In this research project, we aim to take a first step towards addressing this gap by conducting an experimental study in which native speakers of English are asked to blend to source words together. The source word stimuli will be systematically controlled for the different cognitive determinants mentioned above. The results will be statistically evaluated both monofactorially (means, interquartile ranges, and exact tests) and multifactorially by means of a linear model that identifies which factors contribute to an increasing distance of the chosen cut-off points to the ideal ones as determined by the predictors (Gries 2006). The findings of this study stand to make a valuable contribution to our understanding of subtractive word formation processes by providing us with first clues regarding an online production and comprehension model of blending and by informing our understanding of the differences between creative and conscious word formation processes such as intentional blending compared to involuntary and unconscious word formation processes such as speech errors.
Dylan completed his USP Fellowship project and his honors thesis in April 2014. His honors thesis earned highest honors.
José Molina: Constructional priming as a function of L2 proficiency and L1 background
(2013 Honors thesis project; advisor: Steffi Wulff)
In this project, José elaborated on a previous study by Gries & Wulff (2005) that tested advanced German L2 English learners’ knowledge of verb argument structure constructions such as the ditransitive construction (José gave Steffi the paper) and the prepositional dative construction (José gave the paper to Steffi). José replicated two experiments, a syntactic priming experiment and a semantic sorting experiment. Rather than investigating only advanced learners of English from one L1 background only as in Gries & Wulff (2005), José elicited data from L2 learners at low-intermediate levels of proficiency, and from different L1 backgrounds.
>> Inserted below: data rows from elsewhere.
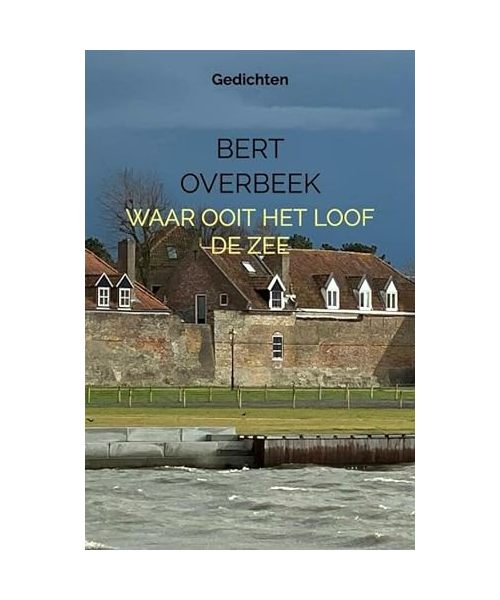 Waar ooit het loof de zee: Gedichten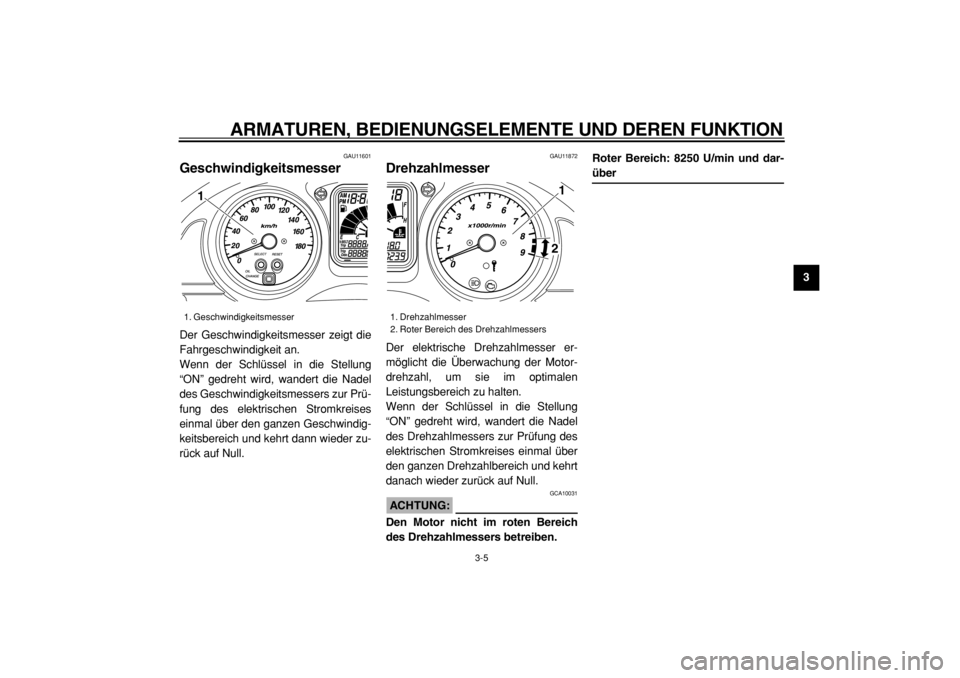 YAMAHA TMAX 2004  Betriebsanleitungen (in German)  
ARMATUREN, BEDIENUNGSELEMENTE UND DEREN FUNKTION 
3-5 
2
34
5
6
7
8
9
 
GAU11601 
Geschwindigkeitsmesser  
Der Geschwindigkeitsmesser zeigt die
Fahrgeschwindigkeit an.
Wenn der Schlüssel in die Ste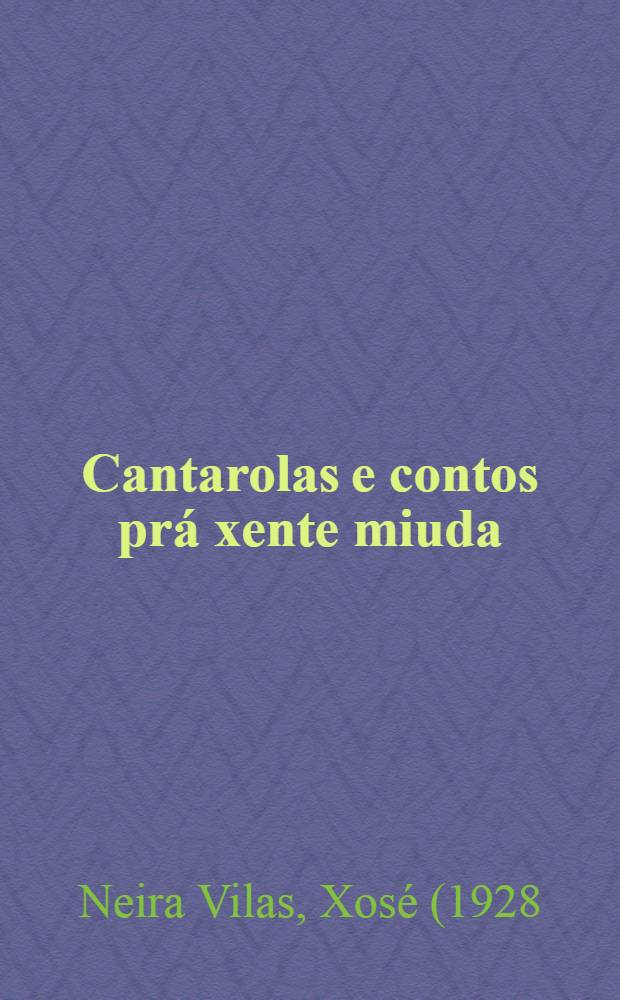 Cantarolas e contos prá xente miuda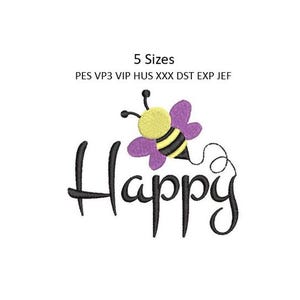 Bee Embroidery Design Be Happy Towel Pillow Sweatshirt Shirt Hoodie Machine Embroidery Pattern 4x4 Hoop MULTIPLE FORMATS Download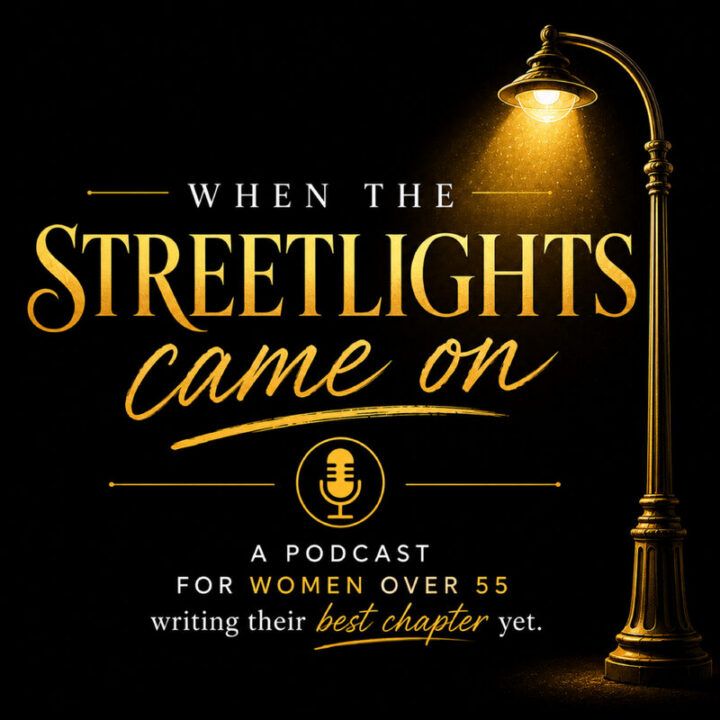 WHEN THE STREETLIGHTS CAME ON- A podcast for women over 50 writing their best chapter yet.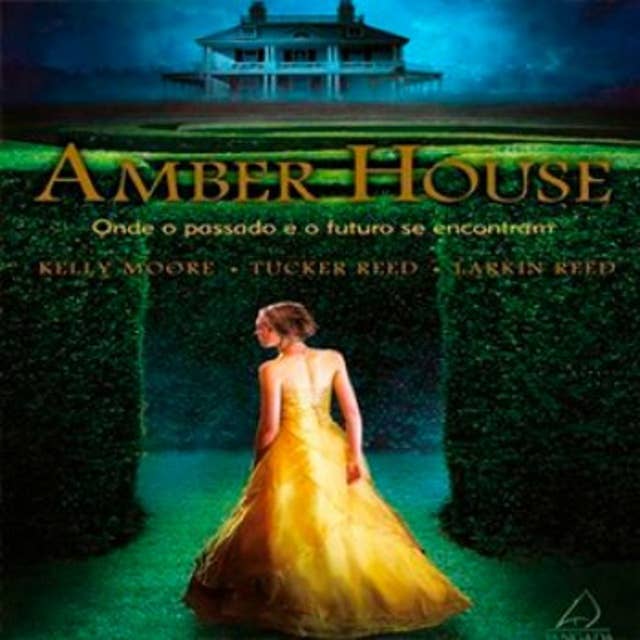 Amber House: Onde o Passado e o Futuro se Encontram, V. 1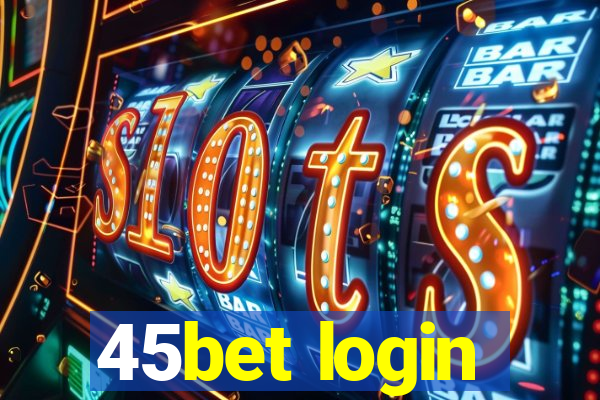 45bet login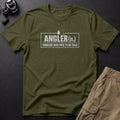 Angler (n.) Someone Who Pays to Be Cold T-Shirt — Sage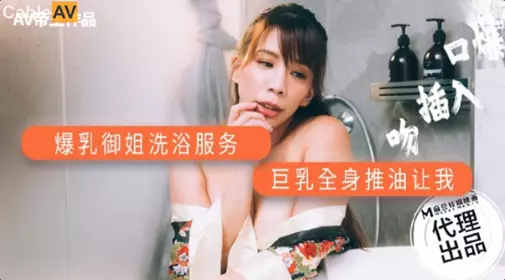 【麻豆传媒映画】xAV帝王 DW-001 爆乳御姐洗浴服务 巨乳全身油推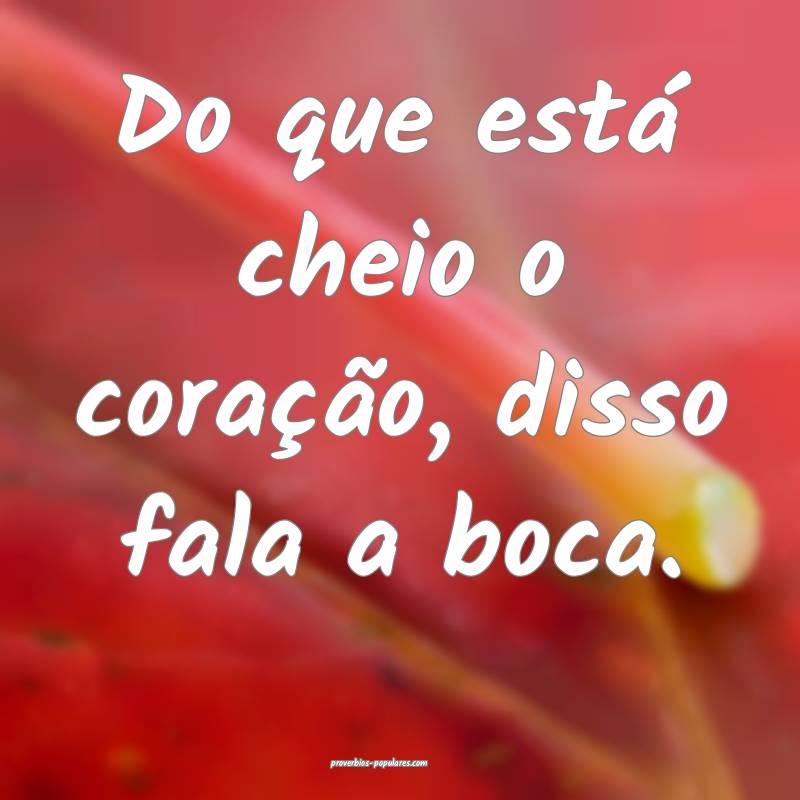 Do que está cheio o coração, disso fala a boca.
...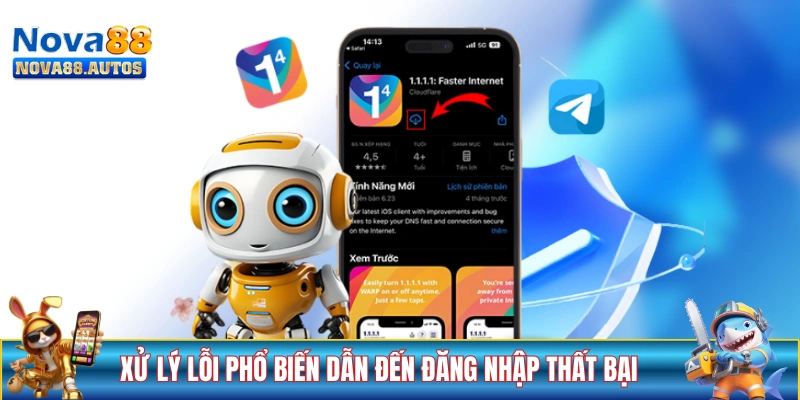 Xử lý các lỗi phổ biến dẫn đến đăng nhập thất bại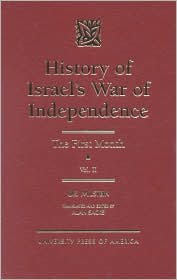 History of Israel's War of Independence: The First Month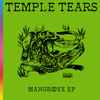 Temple Tears - Mangrove EP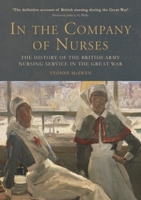 In the Company of Nurses: The History of the British Army Nursing Service in the Great War 0748679111 Book Cover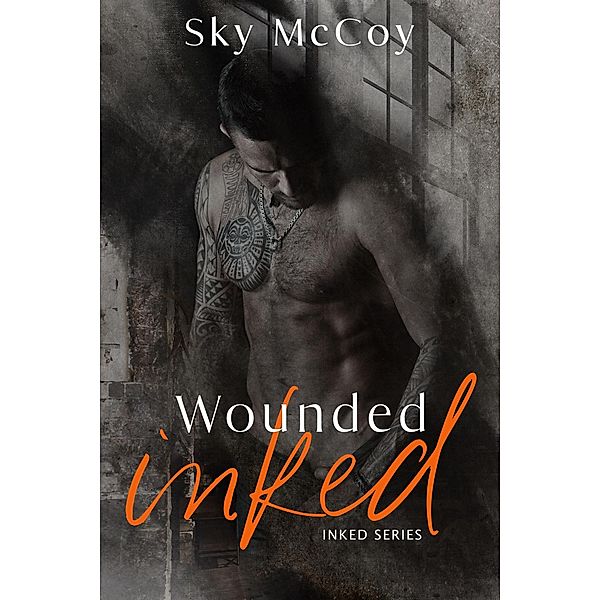 Wounded Inked: Book 1 / Wounded Inked, Sky McCoy
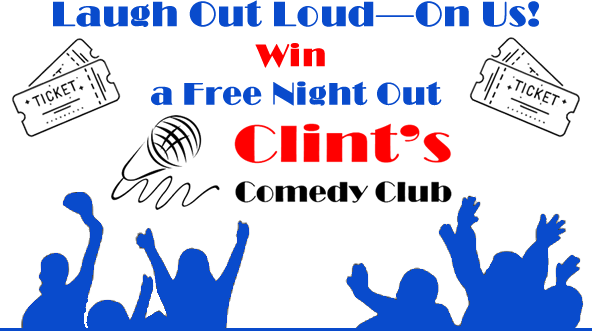 Win a free night out at Clint's Comedy Club!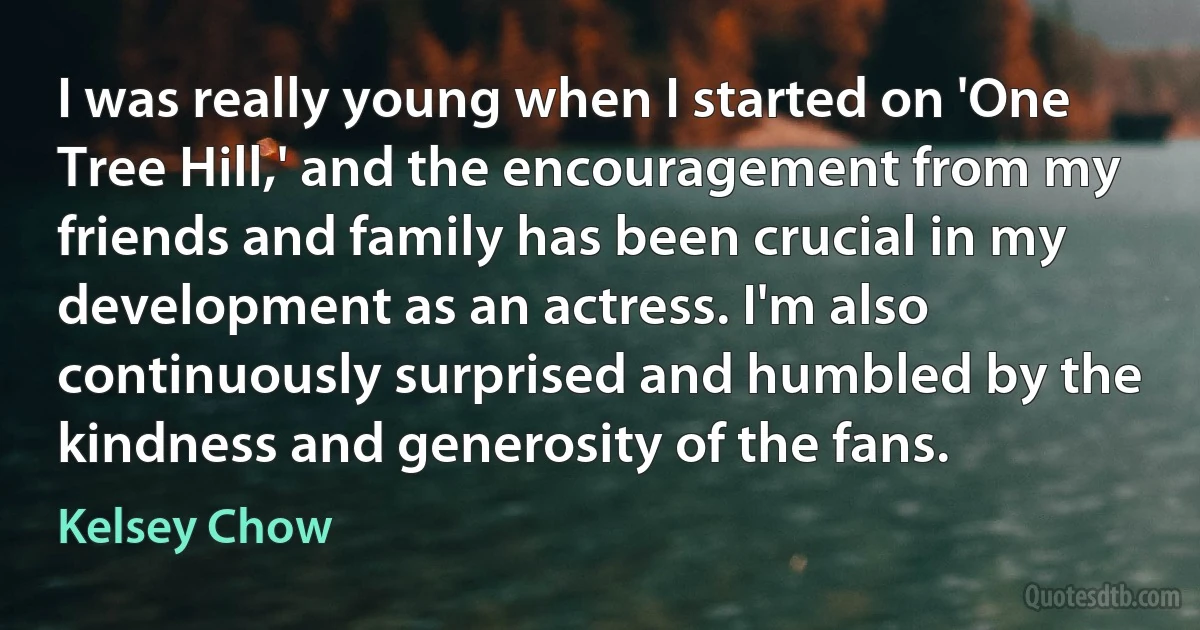 I was really young when I started on 'One Tree Hill,' and the encouragement from my friends and family has been crucial in my development as an actress. I'm also continuously surprised and humbled by the kindness and generosity of the fans. (Kelsey Chow)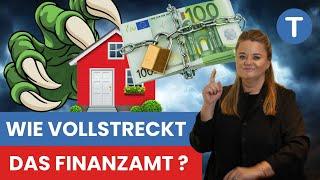 Wie vollstreckt das Finanzamt? 10 Dinge die JEDER wissen sollte!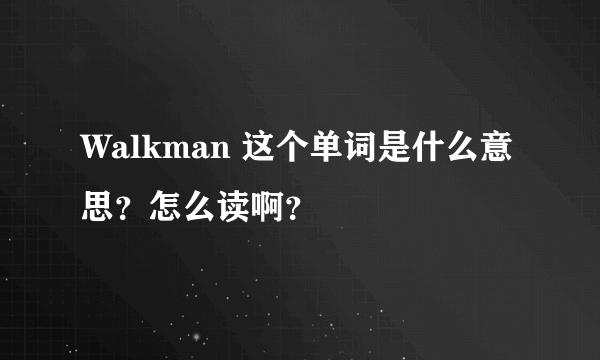 Walkman 这个单词是什么意思？怎么读啊？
He found that the main controbutor to priming was the verb provided in the sentence fragment to be completed (as opposed to the verb presented in the prime sentence or the construction provided in the prime). Furthermore, he observed pronounced verb-specific effects such that certain verbs primed either construction significantly more often than others.
José completed his honors thesis project in December 2013 and was awarded highest honors. He graduated from the University of Florida in 2014 and then earned a M.A. degree in computational linguistics at Brandeis University.